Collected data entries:
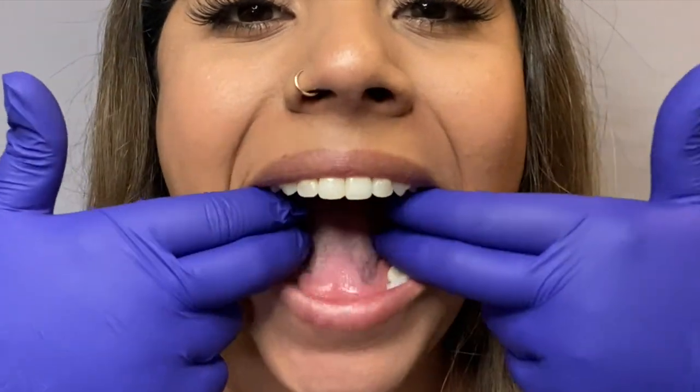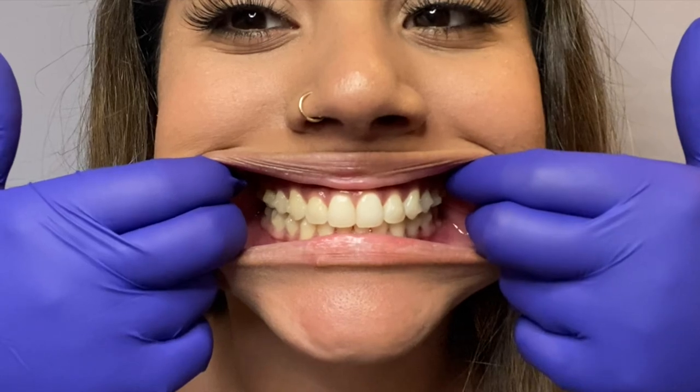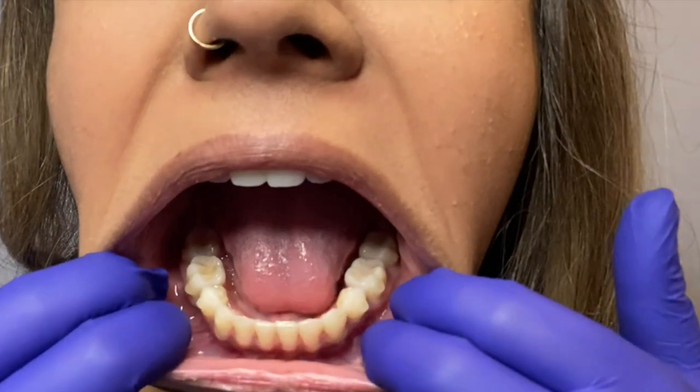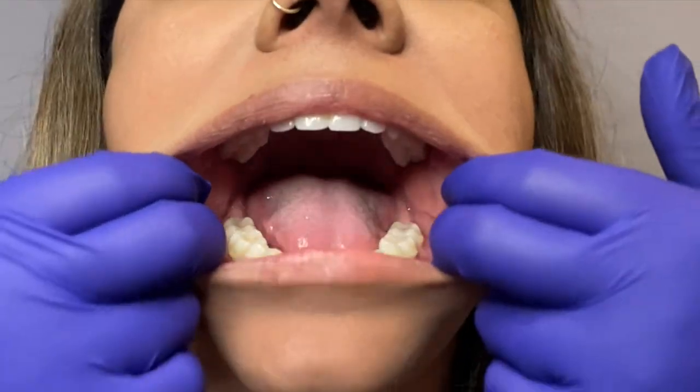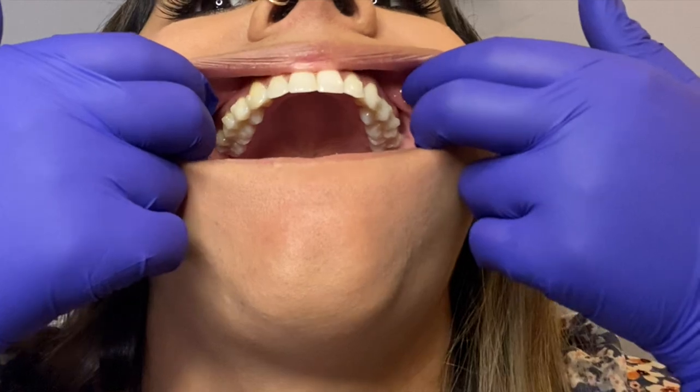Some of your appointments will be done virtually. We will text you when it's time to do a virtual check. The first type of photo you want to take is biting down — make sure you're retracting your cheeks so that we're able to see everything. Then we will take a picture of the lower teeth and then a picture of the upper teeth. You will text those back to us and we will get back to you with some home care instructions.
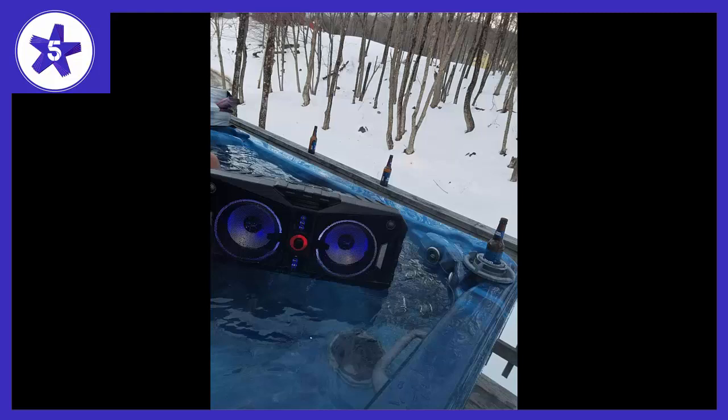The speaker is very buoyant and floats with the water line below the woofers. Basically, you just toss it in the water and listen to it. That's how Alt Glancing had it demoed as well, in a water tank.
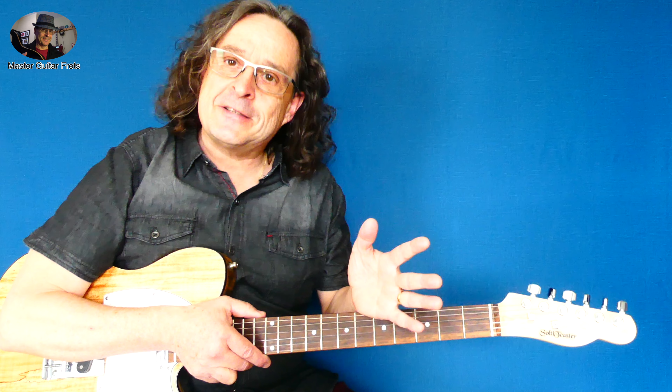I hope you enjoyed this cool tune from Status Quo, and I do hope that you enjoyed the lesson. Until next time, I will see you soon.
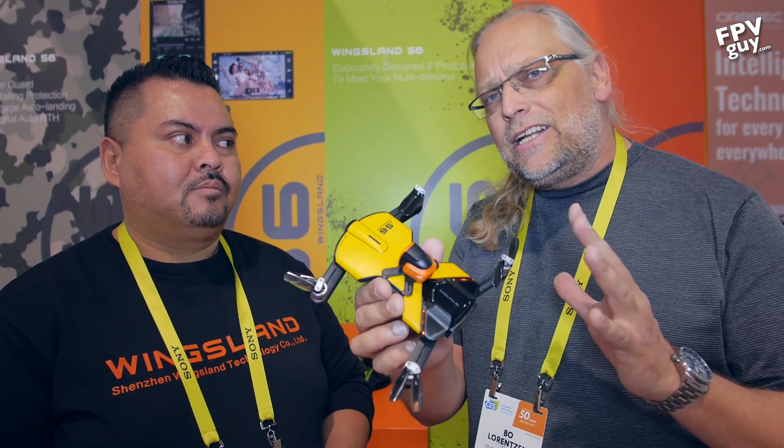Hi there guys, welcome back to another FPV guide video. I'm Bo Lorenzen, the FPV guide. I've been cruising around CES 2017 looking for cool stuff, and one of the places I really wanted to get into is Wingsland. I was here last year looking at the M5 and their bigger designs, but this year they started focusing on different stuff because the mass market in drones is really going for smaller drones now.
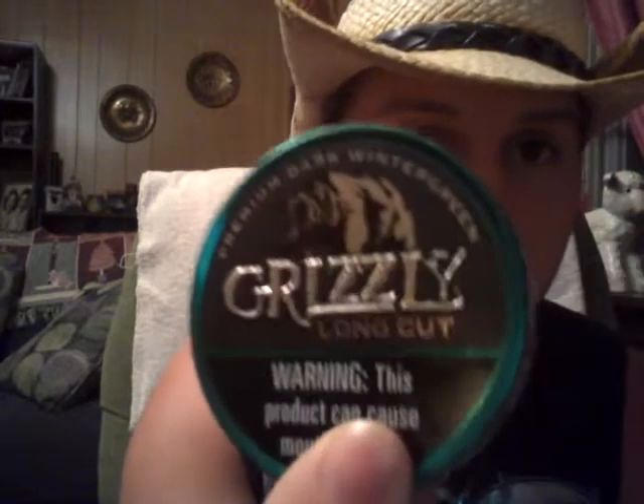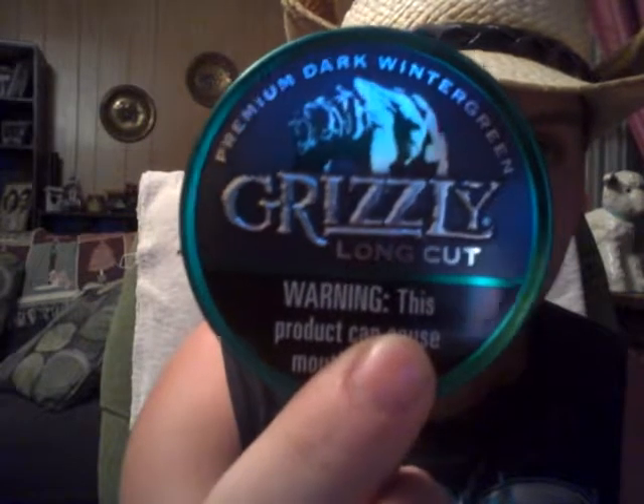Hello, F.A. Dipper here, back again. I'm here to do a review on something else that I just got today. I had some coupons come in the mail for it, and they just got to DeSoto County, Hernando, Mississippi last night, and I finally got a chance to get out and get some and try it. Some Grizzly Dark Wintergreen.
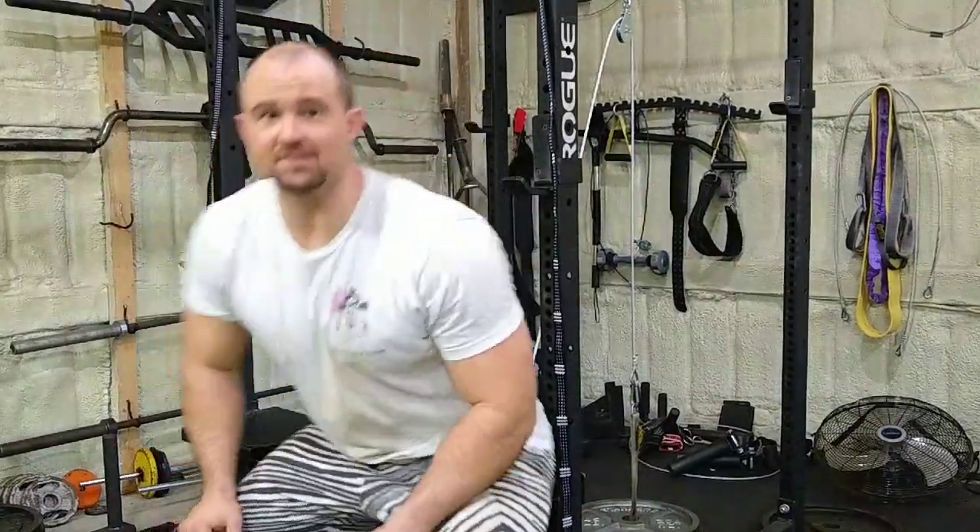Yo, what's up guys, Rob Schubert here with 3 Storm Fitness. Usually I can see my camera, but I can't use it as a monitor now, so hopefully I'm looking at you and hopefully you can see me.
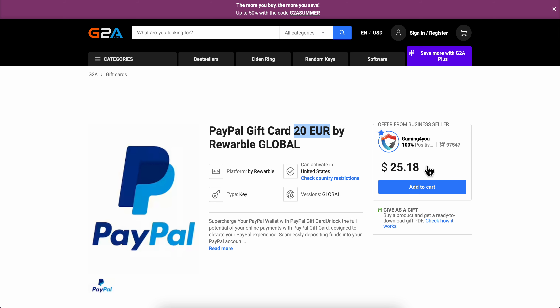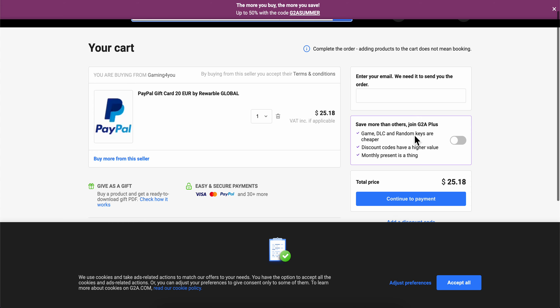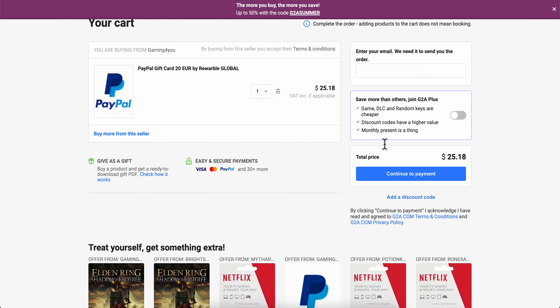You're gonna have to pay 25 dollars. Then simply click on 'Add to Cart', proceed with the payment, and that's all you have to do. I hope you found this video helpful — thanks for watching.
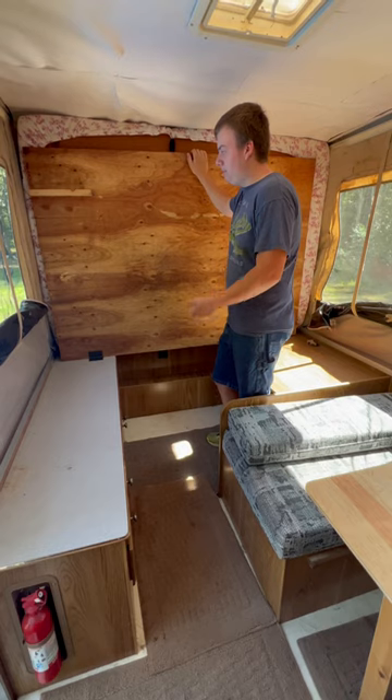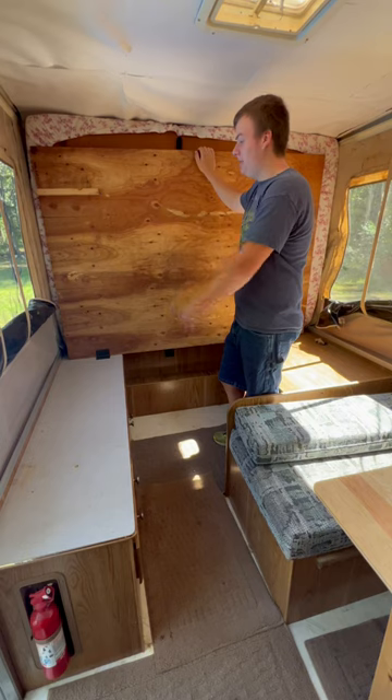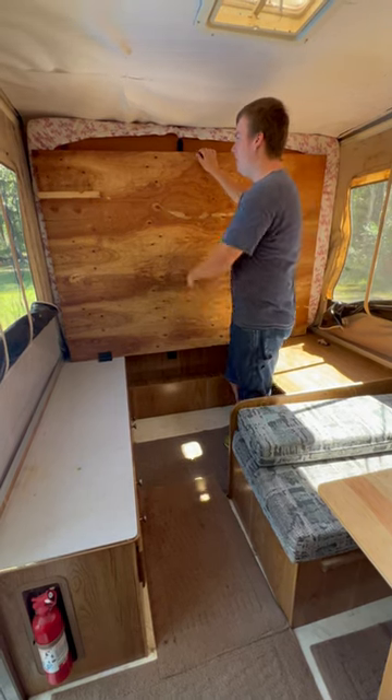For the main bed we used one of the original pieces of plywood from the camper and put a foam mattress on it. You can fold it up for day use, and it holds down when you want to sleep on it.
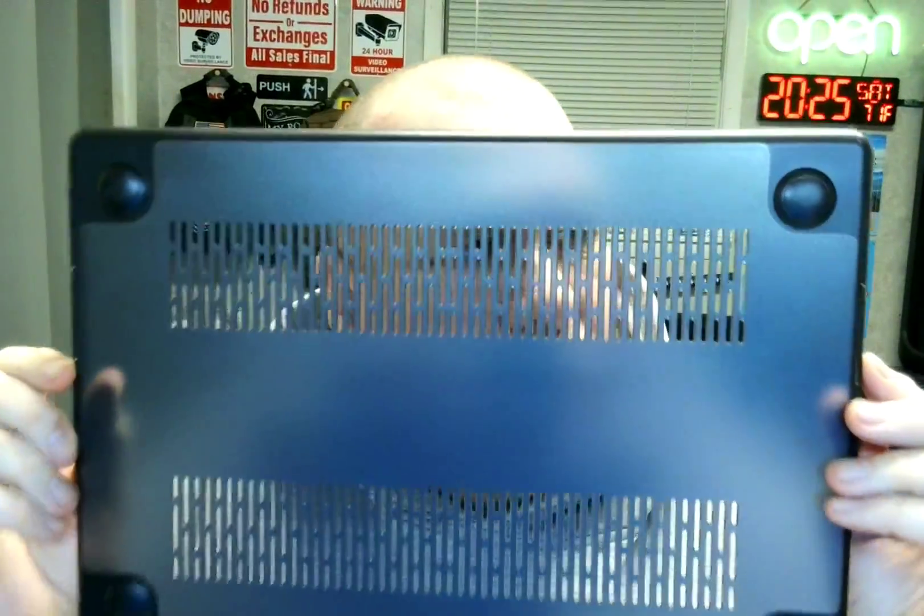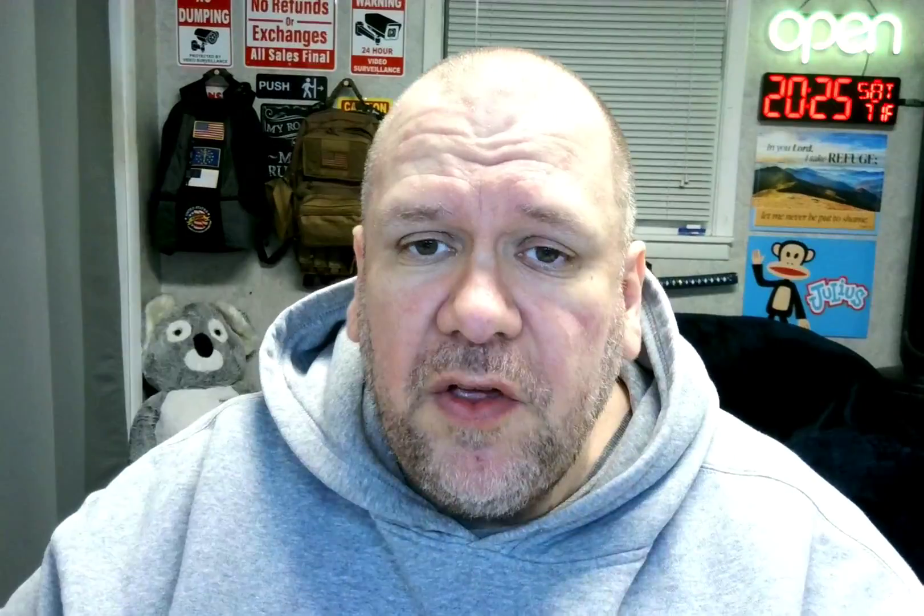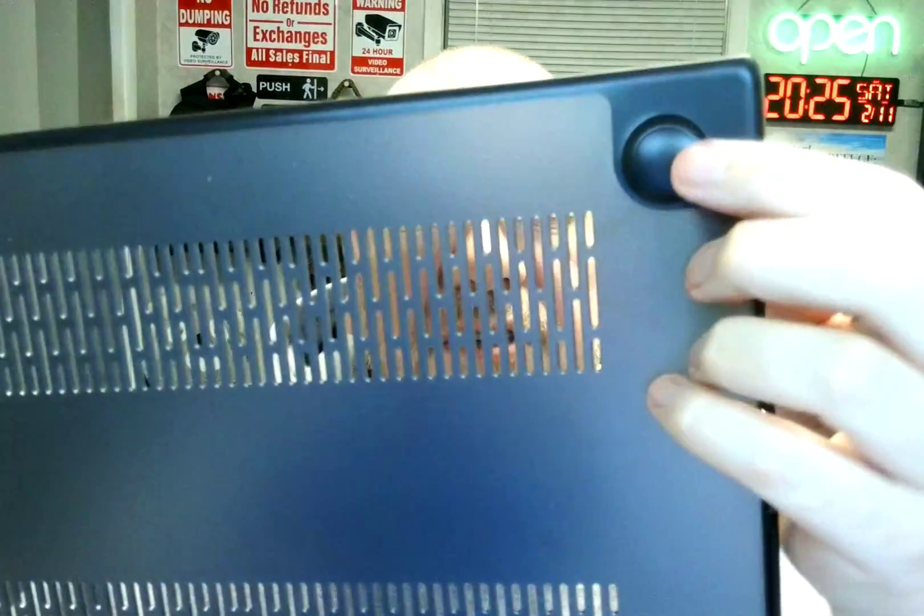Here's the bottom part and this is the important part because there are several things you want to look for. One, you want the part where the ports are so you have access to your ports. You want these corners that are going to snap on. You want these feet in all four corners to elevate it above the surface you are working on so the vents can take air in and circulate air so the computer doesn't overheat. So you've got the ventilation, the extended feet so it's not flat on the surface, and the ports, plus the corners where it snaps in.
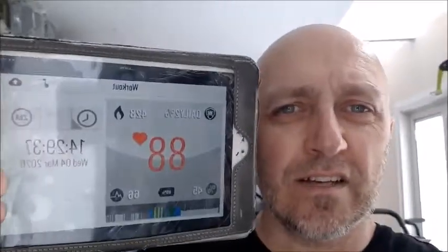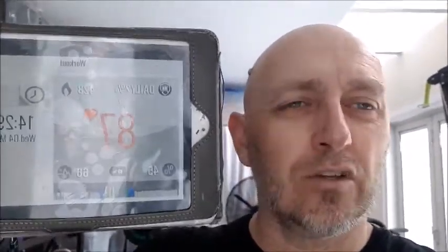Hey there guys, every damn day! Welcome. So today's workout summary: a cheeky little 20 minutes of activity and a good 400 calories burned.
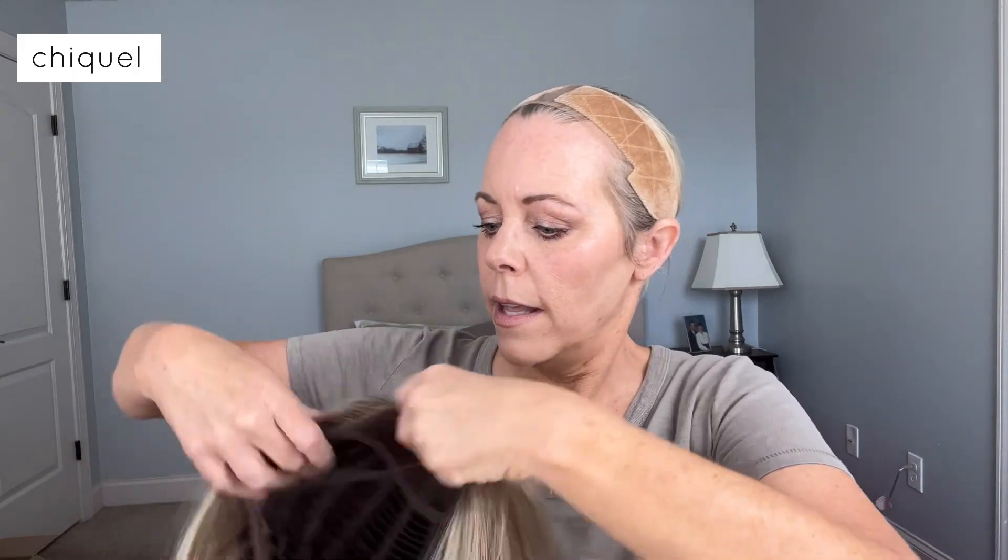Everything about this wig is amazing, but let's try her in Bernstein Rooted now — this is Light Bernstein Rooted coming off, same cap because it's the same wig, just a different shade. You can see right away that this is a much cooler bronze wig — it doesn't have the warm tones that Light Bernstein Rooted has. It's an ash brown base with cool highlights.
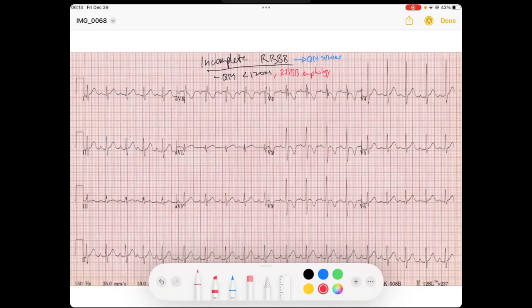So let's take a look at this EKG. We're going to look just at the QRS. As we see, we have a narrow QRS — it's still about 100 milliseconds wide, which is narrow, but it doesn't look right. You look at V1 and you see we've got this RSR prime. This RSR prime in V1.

ASSIGNED TASK
Please reproduce each entry exactly as given and omit the pictures.

TASK OUTPUT
Some of your appointments will be done virtually. We will text you when it's time to do a virtual check. The first type of photo you want to take is biting down — make sure you're retracting your cheeks so that we're able to see everything. Then we will take a picture of the lower teeth and then a picture of the upper teeth. You will text those back to us and we will get back to you with some home care instructions.
The speaker is very buoyant and floats with the water line below the woofers. Basically, you just toss it in the water and listen to it. That's how Alt Glancing had it demoed as well, in a water tank.
I hope you enjoyed this cool tune from Status Quo, and I do hope that you enjoyed the lesson. Until next time, I will see you soon.
Hi there guys, welcome back to another FPV guide video. I'm Bo Lorenzen, the FPV guide. I've been cruising around CES 2017 looking for cool stuff, and one of the places I really wanted to get into is Wingsland. I was here last year looking at the M5 and their bigger designs, but this year they started focusing on different stuff because the mass market in drones is really going for smaller drones now.
Hello, F.A. Dipper here, back again. I'm here to do a review on something else that I just got today. I had some coupons come in the mail for it, and they just got to DeSoto County, Hernando, Mississippi last night, and I finally got a chance to get out and get some and try it. Some Grizzly Dark Wintergreen.
Yo, what's up guys, Rob Schubert here with 3 Storm Fitness. Usually I can see my camera, but I can't use it as a monitor now, so hopefully I'm looking at you and hopefully you can see me.
You're gonna have to pay 25 dollars. Then simply click on 'Add to Cart', proceed with the payment, and that's all you have to do. I hope you found this video helpful — thanks for watching.
For the main bed we used one of the original pieces of plywood from the camper and put a foam mattress on it. You can fold it up for day use, and it holds down when you want to sleep on it.
Here's the bottom part and this is the important part because there are several things you want to look for. One, you want the part where the ports are so you have access to your ports. You want these corners that are going to snap on. You want these feet in all four corners to elevate it above the surface you are working on so the vents can take air in and circulate air so the computer doesn't overheat. So you've got the ventilation, the extended feet so it's not flat on the surface, and the ports, plus the corners where it snaps in.
Hey there guys, every damn day! Welcome. So today's workout summary: a cheeky little 20 minutes of activity and a good 400 calories burned.
Everything about this wig is amazing, but let's try her in Bernstein Rooted now — this is Light Bernstein Rooted coming off, same cap because it's the same wig, just a different shade. You can see right away that this is a much cooler bronze wig — it doesn't have the warm tones that Light Bernstein Rooted has. It's an ash brown base with cool highlights.
So let's take a look at this EKG. We're going to look just at the QRS. As we see, we have a narrow QRS — it's still about 100 milliseconds wide, which is narrow, but it doesn't look right. You look at V1 and you see we've got this RSR prime. This RSR prime in V1.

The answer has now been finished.